Fast Rates for Nonstationary Weighted Risk Minimization
Tobias Brock, Thomas Nagler
TL;DR
This work develops tight, uniform fast-rate bounds for weighted empirical risk minimization under nonstationary and dependent data. By decomposing the out-of-sample excess risk into a learning error and a drift error, the authors derive an oracle inequality that holds uniformly over weight classes and yields rate functions $r(\|w\|)$ capturing the effective sample size and dependence structure via $\beta$- and $\rho$-mixing. The main result provides high-probability bounds on the learning error that scale as $r(\|w\|)^2\log^2(1/\delta)$, with explicit rate forms under common complexity assumptions; these rates recover minimax-optimal rates (up to log factors) in unweighted stationary settings. The paper applies the theory to linear models, basis expansions, and neural networks, demonstrating sharp, dimension-adaptive rates and highlighting the impact of drift and dependence on learning performance. It further develops the technical machinery for beta-mixing concentration through coupling, discretization of weight and hypothesis classes, and analysis of several weight families relevant for practical nonstationary scenarios.
Abstract
Weighted empirical risk minimization is a common approach to prediction under distribution drift. This article studies its out-of-sample prediction error under nonstationarity.

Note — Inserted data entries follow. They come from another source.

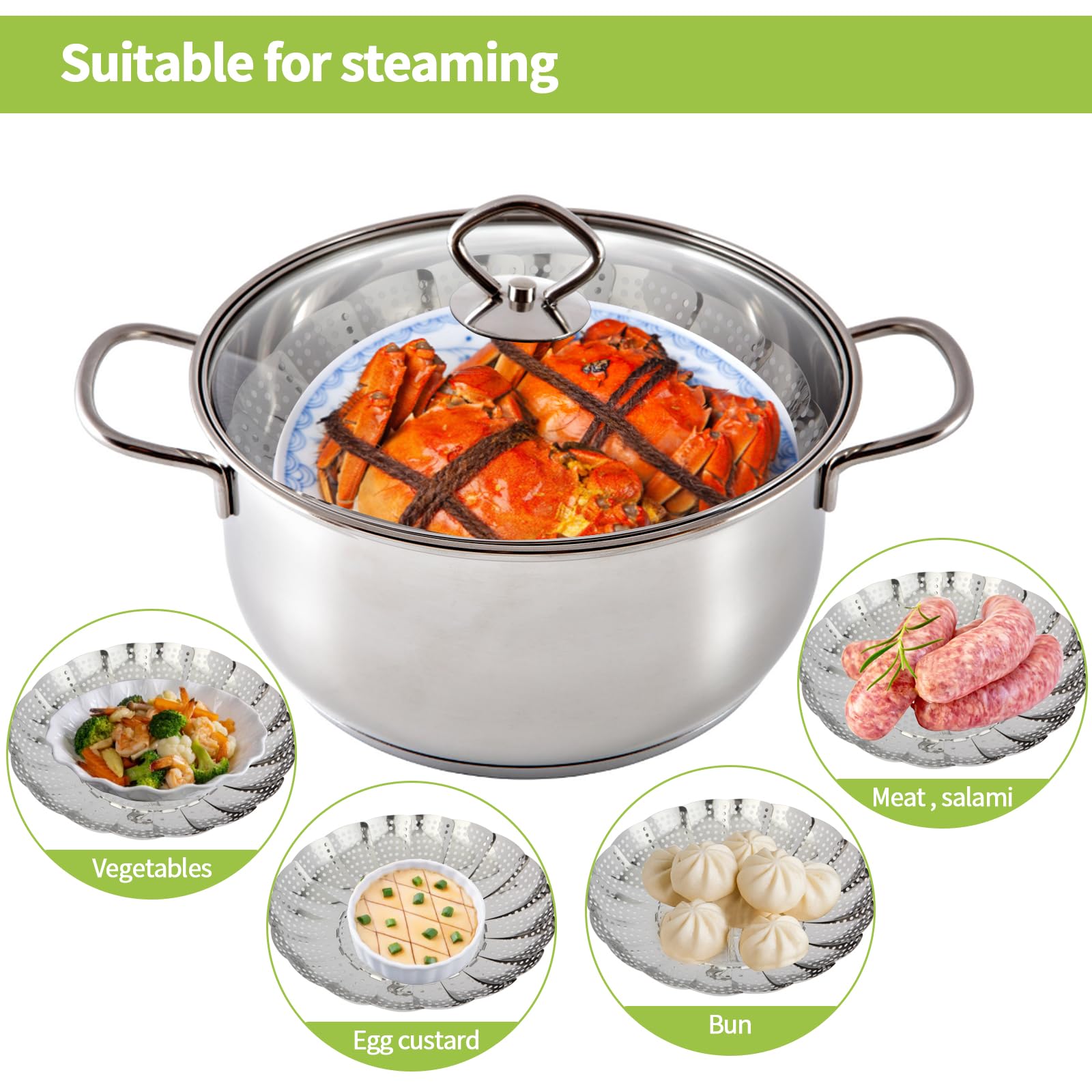 Cesta de vapor plegable de acero inoxidable (6 a 10.3 pulgadas), tercera generación, vaporera para cocinar, vaporera de verduras, cesta de vapor para olla, expandible para adaptarse a varios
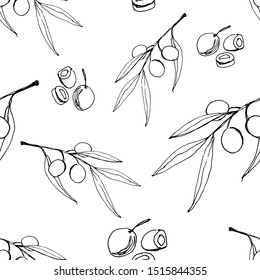 hand drawn olives and leaves in black and white in a graphic style on a seamless background for use in design, natural oil, Italian cuisine, packaging, postcards, food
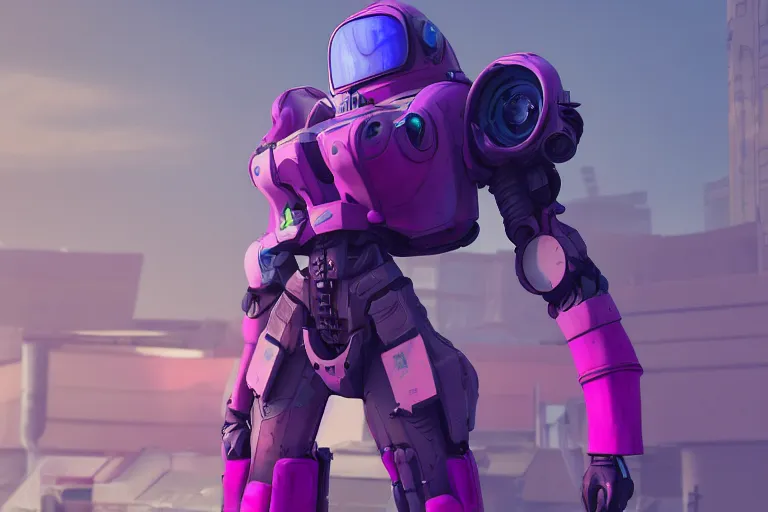 Image similar to a beautiful woman, piloting a mech. Pink and blue color scheme. Scifi city street background. In the style of Arcane by fortiche. Marmoset Toolbag, zbrush, substance painter.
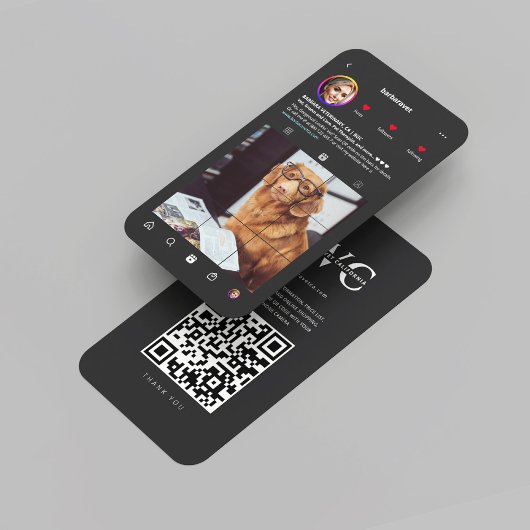 Instagramm des modernen Veterinärmedikaments Visitenkarte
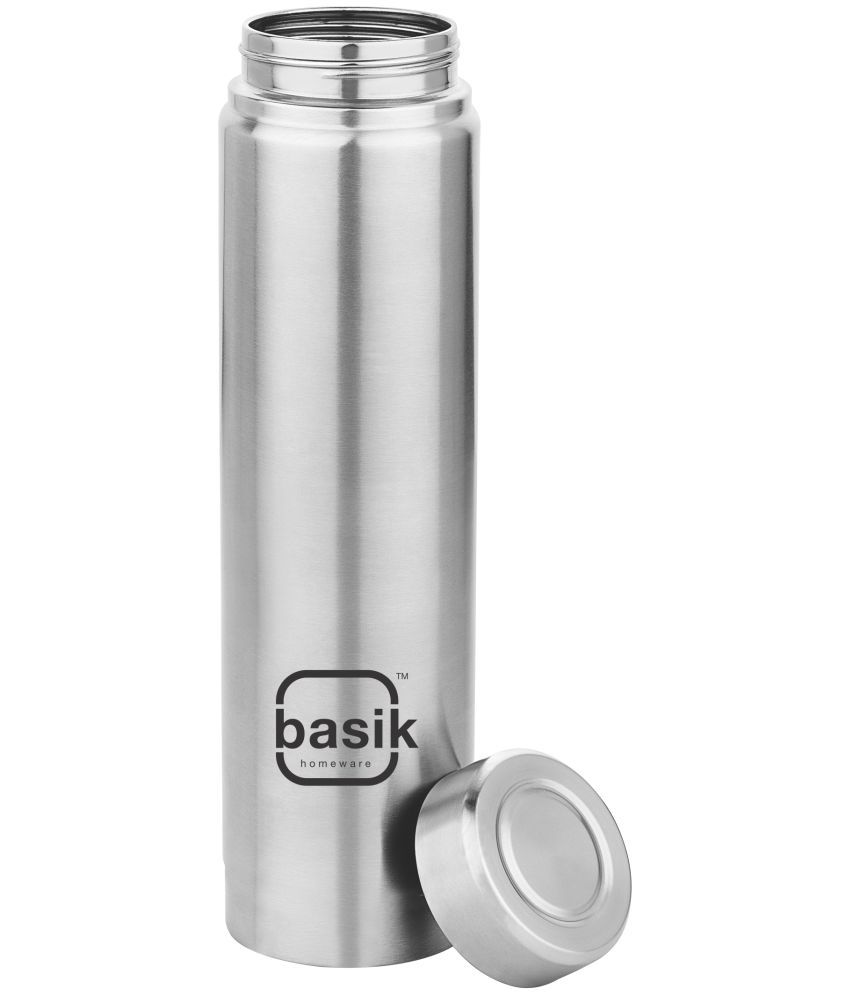     			Basik Ace  Silver 1000 mL Steel Water Bottle set of 1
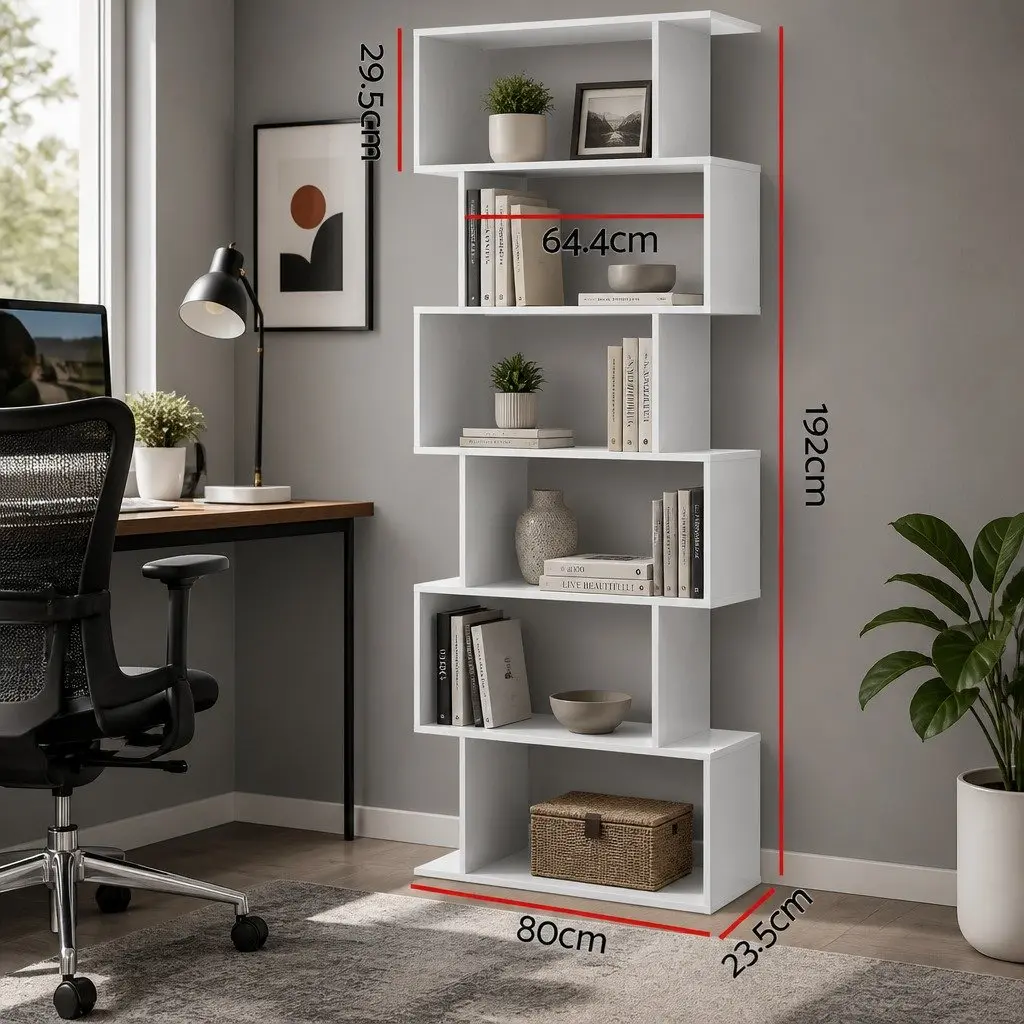 6-Tier Display Shelf S-Shape White High Density Particle Board Living Room Storage Organiser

We provide a general decomposition of the excess risk into a learning term and an error term associated with distribution drift, and prove oracle inequalities for the learning error under mixing conditions. The learning bound holds uniformly over arbitrary weight classes and accounts for the effective sample size induced by the weight vector, the complexity of the weight and hypothesis classes, and potential data dependence. We illustrate the applicability and sharpness of our results in (auto-) regression problems with linear models, basis approximations, and neural networks, recovering minimax-optimal rates (up to logarithmic factors) when specialized to unweighted and stationary settings.